За ними открылась дверь барака. Несколько человек кого-то вытащили за руки и за ноги и поволокли к куче рядом с улицей, где лежали умершие после вечерней переклички.
— Это уже Ломан?
— Нет. Это не наши. Это мусульмане.
Люди, которые вытаскивали мертвеца, пошатываясь, возвращались в барак.
— Кто-нибудь заметил, что зуб у нас? — спросил Бергер.
— Не думаю. Здесь лежат почти исключительно мусульмане. Разве, что тот, который давал нам спички.
— Он что-нибудь сказал?
— Нет. До сих пор. Но он может потребовать своей доли.
— Это не столь важно. Вопрос в том, не захочется ли ему нас предать.
Пятьсот девятый задумался. Он знал, что есть люди, которые за кусок хлеба способны на все.
— На него не похоже, — сказал он, поразмыслив. — Тогда чего ради он давал нам спички?
— Одно другого не касается.

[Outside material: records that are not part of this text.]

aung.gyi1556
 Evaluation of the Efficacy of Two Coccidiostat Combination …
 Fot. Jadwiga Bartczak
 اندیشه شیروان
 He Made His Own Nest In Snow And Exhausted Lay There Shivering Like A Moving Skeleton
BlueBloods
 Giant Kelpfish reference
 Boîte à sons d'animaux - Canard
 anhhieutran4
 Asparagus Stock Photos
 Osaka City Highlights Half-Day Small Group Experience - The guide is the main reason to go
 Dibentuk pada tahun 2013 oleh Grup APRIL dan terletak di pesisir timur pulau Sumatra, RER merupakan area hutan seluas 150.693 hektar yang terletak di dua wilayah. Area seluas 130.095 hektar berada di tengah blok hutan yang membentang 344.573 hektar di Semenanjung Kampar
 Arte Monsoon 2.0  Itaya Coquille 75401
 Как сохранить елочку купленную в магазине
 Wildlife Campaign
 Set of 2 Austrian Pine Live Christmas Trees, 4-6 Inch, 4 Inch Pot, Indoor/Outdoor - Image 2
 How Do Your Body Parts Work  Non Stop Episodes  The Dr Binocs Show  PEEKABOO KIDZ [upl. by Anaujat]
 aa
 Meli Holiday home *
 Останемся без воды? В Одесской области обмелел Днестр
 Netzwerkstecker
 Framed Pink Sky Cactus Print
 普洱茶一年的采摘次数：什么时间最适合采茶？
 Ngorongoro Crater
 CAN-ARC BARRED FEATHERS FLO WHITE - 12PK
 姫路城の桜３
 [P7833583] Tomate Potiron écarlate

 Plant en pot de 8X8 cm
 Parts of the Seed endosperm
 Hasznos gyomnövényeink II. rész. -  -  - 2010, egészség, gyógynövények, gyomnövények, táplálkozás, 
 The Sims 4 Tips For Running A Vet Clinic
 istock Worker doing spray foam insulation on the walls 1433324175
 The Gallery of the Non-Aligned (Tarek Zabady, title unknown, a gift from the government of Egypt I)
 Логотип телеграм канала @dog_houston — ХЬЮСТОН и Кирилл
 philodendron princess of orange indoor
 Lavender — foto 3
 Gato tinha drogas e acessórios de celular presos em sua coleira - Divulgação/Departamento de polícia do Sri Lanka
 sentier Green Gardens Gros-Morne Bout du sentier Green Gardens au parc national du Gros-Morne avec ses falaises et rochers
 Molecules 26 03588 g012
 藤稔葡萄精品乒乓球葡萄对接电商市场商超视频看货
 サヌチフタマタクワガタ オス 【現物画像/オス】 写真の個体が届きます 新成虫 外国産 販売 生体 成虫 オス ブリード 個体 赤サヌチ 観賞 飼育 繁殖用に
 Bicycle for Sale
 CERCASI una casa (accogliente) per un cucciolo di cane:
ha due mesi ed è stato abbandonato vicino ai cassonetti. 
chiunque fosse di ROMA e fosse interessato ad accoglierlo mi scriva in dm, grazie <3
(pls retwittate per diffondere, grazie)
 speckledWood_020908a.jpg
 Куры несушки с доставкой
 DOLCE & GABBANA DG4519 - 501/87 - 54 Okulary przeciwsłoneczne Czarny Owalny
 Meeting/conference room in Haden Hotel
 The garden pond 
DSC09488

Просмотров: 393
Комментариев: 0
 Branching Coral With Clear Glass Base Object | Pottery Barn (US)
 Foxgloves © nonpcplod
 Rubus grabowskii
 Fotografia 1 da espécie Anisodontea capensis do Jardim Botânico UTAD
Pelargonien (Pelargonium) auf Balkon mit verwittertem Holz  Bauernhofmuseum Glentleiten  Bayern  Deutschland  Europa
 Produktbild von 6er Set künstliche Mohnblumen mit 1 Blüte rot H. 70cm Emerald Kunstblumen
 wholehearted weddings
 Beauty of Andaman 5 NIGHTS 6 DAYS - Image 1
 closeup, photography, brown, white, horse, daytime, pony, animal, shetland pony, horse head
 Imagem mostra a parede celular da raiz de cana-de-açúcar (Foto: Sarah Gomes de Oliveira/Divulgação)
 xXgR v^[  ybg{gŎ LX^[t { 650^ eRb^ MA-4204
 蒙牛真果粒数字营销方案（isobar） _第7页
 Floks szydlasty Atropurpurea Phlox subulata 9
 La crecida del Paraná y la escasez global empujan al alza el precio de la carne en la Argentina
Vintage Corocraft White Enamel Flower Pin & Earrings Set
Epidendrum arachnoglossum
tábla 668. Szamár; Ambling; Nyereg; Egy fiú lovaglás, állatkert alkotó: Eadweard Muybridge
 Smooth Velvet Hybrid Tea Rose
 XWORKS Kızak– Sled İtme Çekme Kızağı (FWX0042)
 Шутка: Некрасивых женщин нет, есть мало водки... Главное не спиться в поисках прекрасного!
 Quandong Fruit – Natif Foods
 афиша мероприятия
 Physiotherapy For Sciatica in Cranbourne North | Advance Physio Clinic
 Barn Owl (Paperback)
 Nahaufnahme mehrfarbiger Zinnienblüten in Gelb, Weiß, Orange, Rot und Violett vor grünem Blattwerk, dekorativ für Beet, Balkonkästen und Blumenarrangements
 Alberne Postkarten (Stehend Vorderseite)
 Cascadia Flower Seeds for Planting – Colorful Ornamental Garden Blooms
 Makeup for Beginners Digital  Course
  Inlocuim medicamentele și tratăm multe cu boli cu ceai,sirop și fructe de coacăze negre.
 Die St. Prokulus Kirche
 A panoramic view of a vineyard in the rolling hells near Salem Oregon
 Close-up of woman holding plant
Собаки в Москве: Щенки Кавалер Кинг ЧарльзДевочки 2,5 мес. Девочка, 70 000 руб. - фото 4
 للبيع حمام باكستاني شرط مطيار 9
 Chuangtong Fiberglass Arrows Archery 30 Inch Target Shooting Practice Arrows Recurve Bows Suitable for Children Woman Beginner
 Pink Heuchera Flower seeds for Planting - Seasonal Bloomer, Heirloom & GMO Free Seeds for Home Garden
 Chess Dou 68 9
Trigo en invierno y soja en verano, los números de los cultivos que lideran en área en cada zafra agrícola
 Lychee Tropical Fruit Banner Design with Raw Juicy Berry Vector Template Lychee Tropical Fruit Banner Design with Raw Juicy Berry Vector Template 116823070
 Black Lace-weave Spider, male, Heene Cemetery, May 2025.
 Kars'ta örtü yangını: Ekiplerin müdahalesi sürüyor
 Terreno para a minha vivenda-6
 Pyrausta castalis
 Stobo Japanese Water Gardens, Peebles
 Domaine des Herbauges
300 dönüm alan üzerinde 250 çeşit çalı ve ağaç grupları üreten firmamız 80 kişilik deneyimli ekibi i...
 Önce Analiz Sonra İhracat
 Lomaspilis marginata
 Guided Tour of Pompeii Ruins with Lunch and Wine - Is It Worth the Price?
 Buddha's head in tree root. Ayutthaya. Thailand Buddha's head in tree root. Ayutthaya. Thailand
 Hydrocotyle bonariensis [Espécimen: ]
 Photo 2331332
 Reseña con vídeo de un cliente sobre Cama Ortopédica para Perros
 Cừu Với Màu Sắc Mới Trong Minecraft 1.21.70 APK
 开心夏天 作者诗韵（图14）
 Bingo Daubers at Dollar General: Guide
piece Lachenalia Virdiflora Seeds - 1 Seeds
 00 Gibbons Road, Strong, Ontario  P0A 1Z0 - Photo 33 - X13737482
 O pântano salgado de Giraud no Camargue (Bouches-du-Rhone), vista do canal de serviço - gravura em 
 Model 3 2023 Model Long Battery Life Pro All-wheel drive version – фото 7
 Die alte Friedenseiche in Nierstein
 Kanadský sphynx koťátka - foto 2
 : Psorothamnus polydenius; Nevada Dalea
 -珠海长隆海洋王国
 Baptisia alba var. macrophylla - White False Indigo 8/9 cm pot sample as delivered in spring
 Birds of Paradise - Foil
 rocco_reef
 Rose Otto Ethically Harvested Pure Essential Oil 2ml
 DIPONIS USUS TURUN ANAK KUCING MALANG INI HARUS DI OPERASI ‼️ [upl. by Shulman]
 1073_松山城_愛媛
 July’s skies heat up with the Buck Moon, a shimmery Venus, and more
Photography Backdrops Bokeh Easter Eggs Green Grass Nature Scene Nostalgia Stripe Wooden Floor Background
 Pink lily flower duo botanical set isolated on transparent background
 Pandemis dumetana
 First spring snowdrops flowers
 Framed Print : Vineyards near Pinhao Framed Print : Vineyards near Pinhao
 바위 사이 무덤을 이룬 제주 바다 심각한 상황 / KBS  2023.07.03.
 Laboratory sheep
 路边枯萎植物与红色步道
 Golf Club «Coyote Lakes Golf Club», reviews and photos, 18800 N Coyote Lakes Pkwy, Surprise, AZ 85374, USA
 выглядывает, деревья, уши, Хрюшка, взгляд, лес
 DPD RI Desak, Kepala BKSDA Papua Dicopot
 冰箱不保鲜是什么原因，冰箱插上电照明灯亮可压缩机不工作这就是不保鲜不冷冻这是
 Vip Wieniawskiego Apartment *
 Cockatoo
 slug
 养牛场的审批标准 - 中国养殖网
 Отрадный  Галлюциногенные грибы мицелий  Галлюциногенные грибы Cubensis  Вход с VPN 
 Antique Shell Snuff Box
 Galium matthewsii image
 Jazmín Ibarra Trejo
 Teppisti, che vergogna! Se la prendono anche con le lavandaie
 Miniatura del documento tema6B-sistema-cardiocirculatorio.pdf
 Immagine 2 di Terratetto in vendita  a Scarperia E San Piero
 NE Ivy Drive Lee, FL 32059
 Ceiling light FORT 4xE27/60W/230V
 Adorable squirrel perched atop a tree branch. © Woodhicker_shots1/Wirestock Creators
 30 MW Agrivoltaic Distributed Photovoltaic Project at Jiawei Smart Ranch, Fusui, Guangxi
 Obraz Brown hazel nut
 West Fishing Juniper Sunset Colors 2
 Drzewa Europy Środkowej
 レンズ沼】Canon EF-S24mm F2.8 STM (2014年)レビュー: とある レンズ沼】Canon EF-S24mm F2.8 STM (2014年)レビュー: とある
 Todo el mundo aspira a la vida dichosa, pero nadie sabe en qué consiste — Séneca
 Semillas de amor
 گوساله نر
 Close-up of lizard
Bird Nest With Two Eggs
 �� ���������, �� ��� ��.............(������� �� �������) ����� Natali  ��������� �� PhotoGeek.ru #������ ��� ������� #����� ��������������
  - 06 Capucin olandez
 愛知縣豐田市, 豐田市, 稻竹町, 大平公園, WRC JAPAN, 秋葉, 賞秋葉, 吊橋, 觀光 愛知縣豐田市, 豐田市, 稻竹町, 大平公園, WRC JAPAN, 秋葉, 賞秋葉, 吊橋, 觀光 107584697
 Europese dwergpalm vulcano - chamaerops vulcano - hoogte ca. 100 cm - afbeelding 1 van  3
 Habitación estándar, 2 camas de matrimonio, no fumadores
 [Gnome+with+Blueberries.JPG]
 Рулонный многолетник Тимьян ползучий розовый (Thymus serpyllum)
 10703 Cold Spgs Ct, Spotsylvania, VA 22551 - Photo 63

Нам надо проявлять осторожность. Иначе обоим хана. И Лебенталю тоже.
Пятьсот девятому и это было довольно хорошо знакомо. Он видел, как одного повесили и за меньшее нарушение.
— Надо за ним проследить, — сказал он. — По крайней мере, до тех пор, пока не сожгут Ломана, а Лебенталь не переправит зуб. Потом это потеряет для него всякий интерес.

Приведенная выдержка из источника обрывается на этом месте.